# Action item
Output exactly, in the material below, the lines from the one with "Kalle Kuutola, Woman" through the one with "Sexy Off-the-Shoulder Patchwork". Omit all pictures.

# Task data

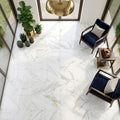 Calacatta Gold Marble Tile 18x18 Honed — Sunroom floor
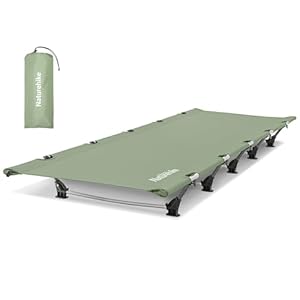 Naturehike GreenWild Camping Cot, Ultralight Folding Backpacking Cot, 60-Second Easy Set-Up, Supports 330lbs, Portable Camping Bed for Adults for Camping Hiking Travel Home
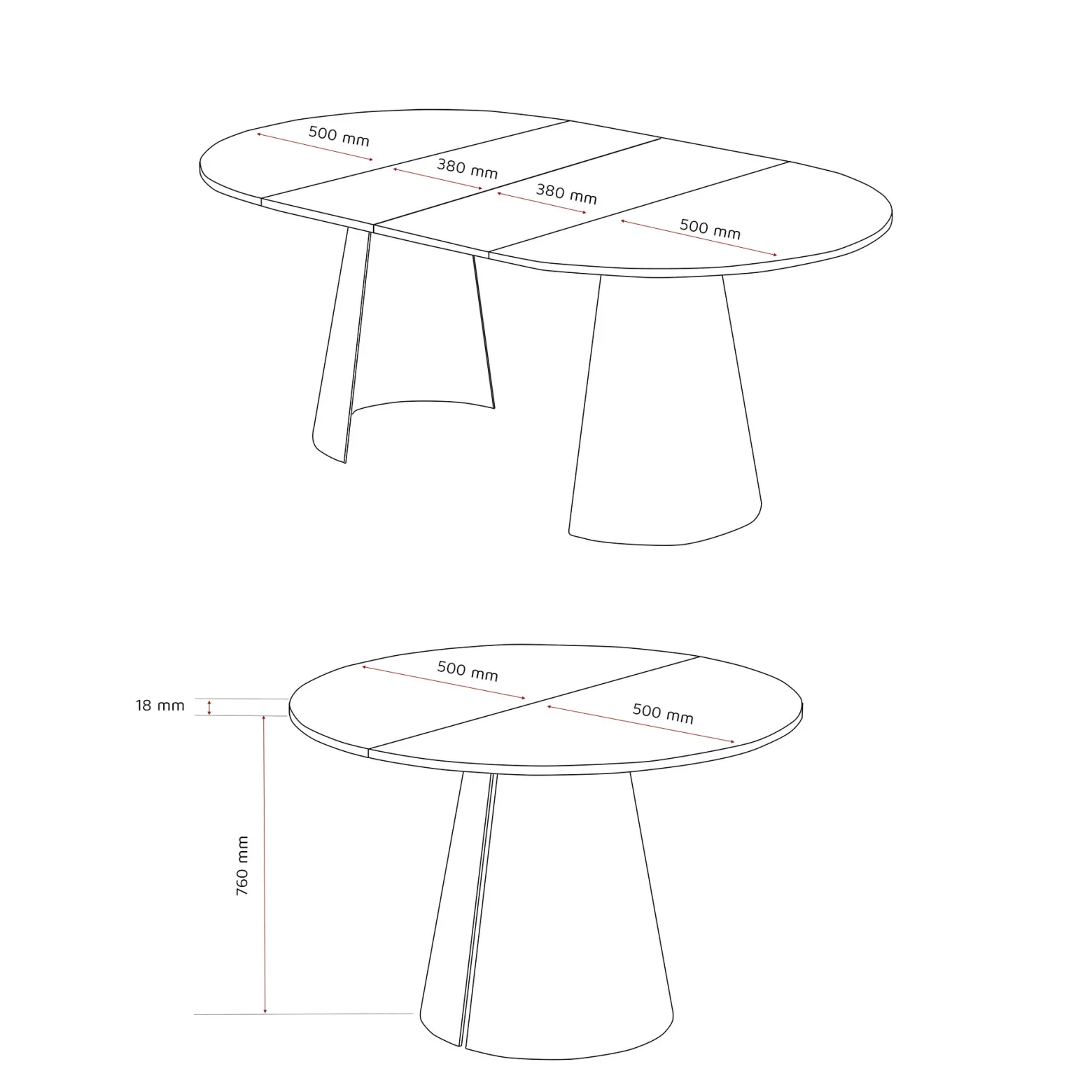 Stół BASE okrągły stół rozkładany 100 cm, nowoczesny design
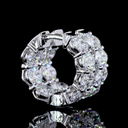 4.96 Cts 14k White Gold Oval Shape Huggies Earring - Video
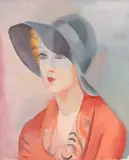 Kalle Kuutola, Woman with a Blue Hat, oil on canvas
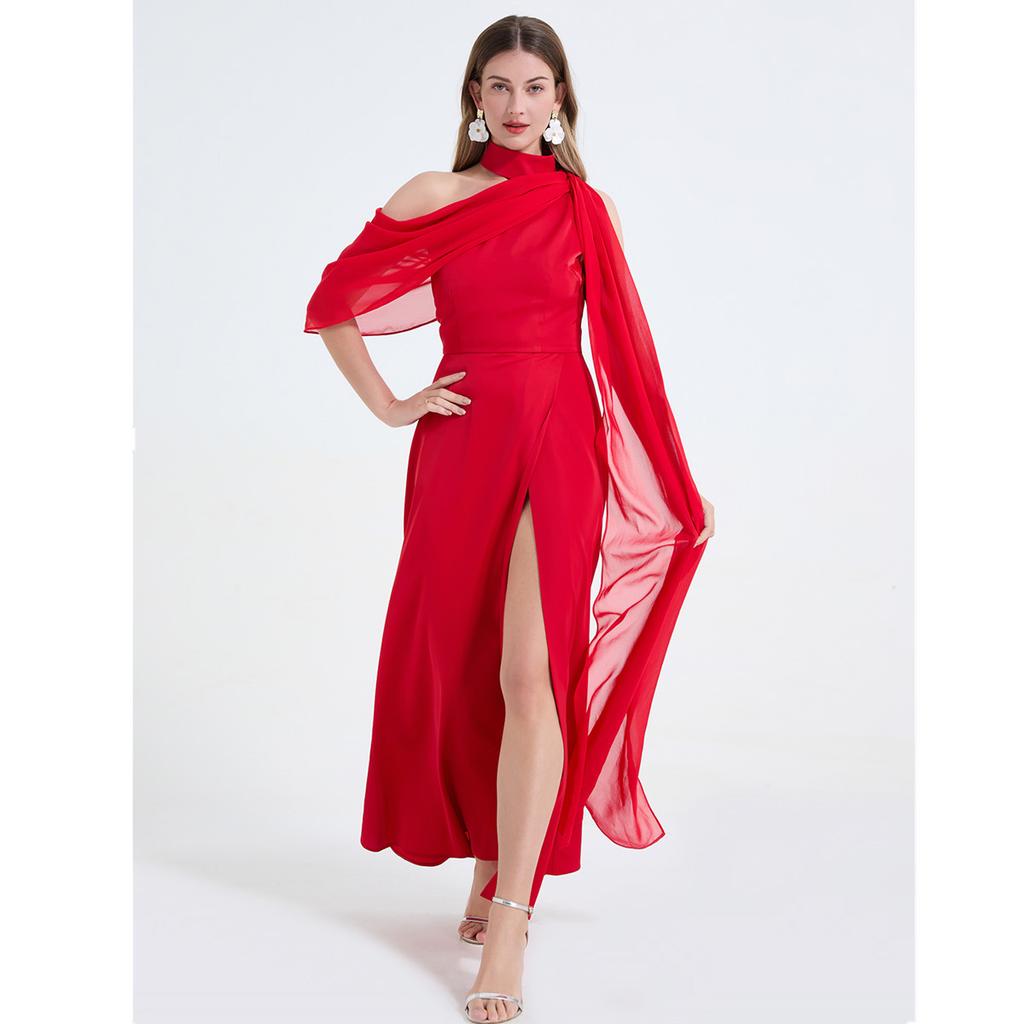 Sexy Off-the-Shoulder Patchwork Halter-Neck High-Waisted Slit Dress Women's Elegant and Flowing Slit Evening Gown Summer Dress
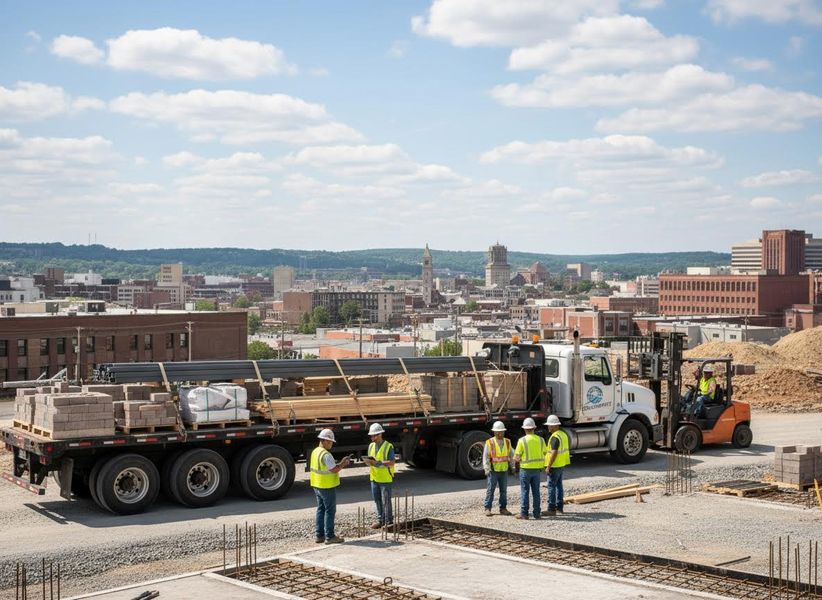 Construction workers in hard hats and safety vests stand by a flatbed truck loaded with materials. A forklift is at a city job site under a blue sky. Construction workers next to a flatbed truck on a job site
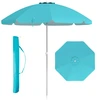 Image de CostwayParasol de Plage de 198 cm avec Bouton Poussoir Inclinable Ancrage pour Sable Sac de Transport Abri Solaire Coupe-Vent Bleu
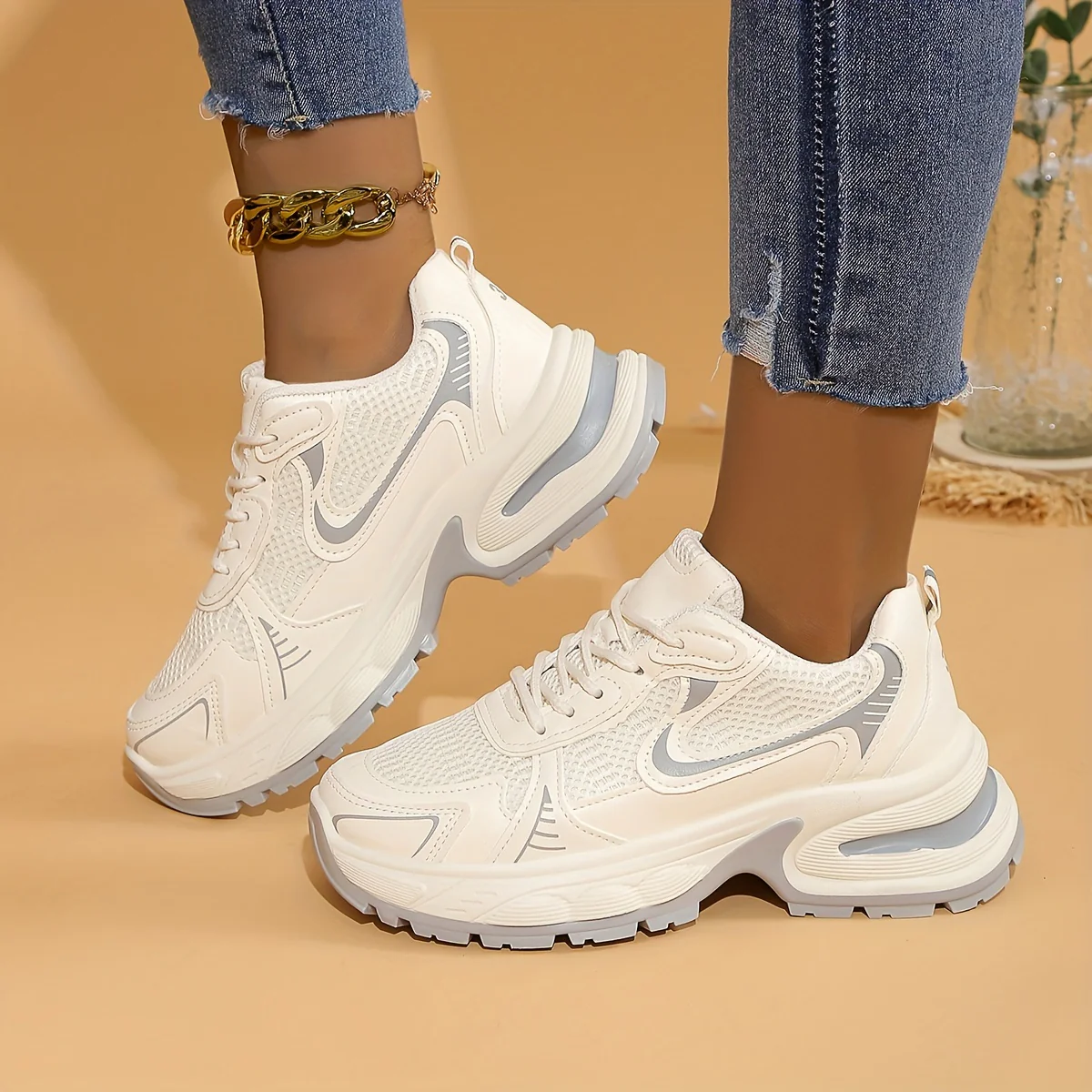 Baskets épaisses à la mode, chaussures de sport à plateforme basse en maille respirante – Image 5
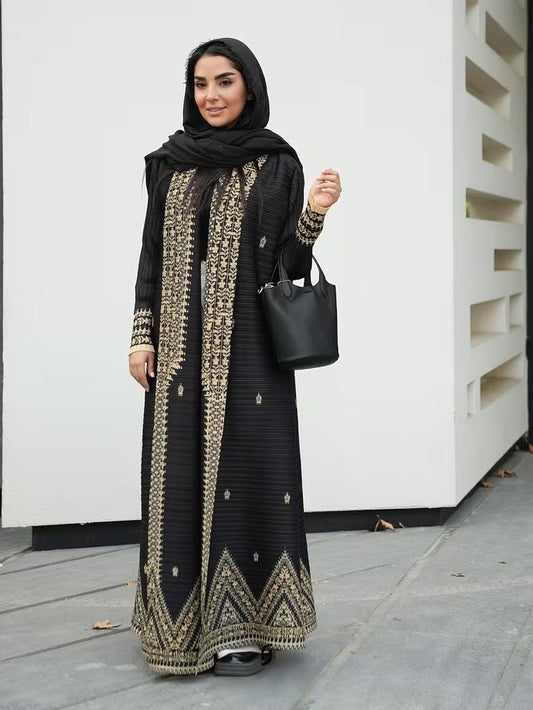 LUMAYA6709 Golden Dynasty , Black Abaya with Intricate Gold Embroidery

# Problem solution
 Kalle Kuutola, Woman with a Blue Hat, oil on canvas
 Sexy Off-the-Shoulder Patchwork Halter-Neck High-Waisted Slit Dress Women's Elegant and Flowing Slit Evening Gown Summer Dress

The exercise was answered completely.